● WORK TASK
Every line from the one with "40Pcs 2 Style" to the end of the entries, both included, is to be copied exactly; the other lines stay out.

Start of Block

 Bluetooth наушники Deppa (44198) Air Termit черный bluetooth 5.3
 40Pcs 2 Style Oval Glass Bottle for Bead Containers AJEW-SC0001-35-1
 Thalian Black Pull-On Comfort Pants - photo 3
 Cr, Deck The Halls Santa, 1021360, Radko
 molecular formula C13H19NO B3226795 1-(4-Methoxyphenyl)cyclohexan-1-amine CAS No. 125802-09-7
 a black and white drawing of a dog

End of Block

● EXERCISE RESPONSE
 40Pcs 2 Style Oval Glass Bottle for Bead Containers AJEW-SC0001-35-1
 Thalian Black Pull-On Comfort Pants - photo 3
 Cr, Deck The Halls Santa, 1021360, Radko
 molecular formula C13H19NO B3226795 1-(4-Methoxyphenyl)cyclohexan-1-amine CAS No. 125802-09-7
 a black and white drawing of a dog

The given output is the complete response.